# Information shown
━━━
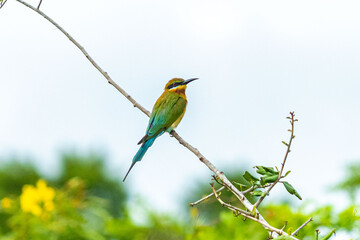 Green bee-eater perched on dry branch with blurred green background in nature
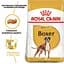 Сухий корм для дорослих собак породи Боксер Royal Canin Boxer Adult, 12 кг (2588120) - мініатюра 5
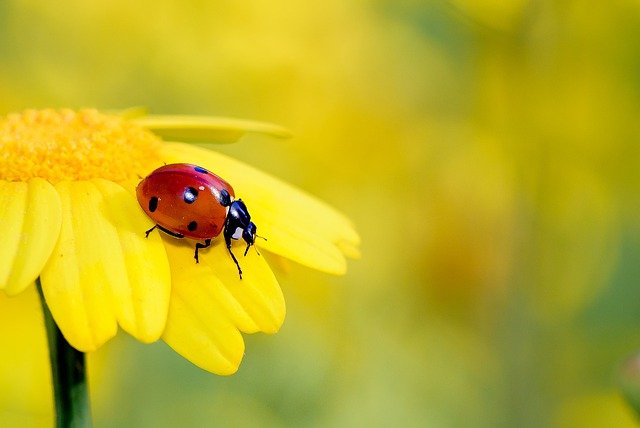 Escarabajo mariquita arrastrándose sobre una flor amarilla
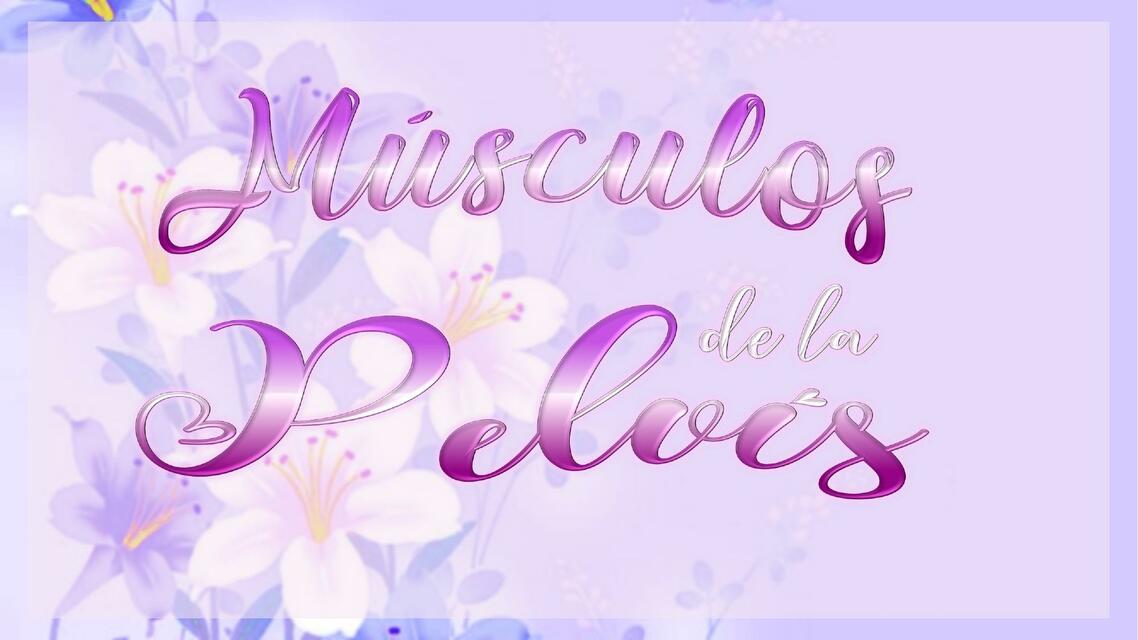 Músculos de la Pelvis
━━━
# Aim of the exercise
Retype the listing exactly and drop the pictures.

# Task answer
 Green bee-eater perched on dry branch with blurred green background in nature
 Сухий корм для дорослих собак породи Боксер Royal Canin Boxer Adult, 12 кг (2588120) - мініатюра 5
 Escarabajo mariquita arrastrándose sobre una flor amarilla
 Músculos de la Pelvis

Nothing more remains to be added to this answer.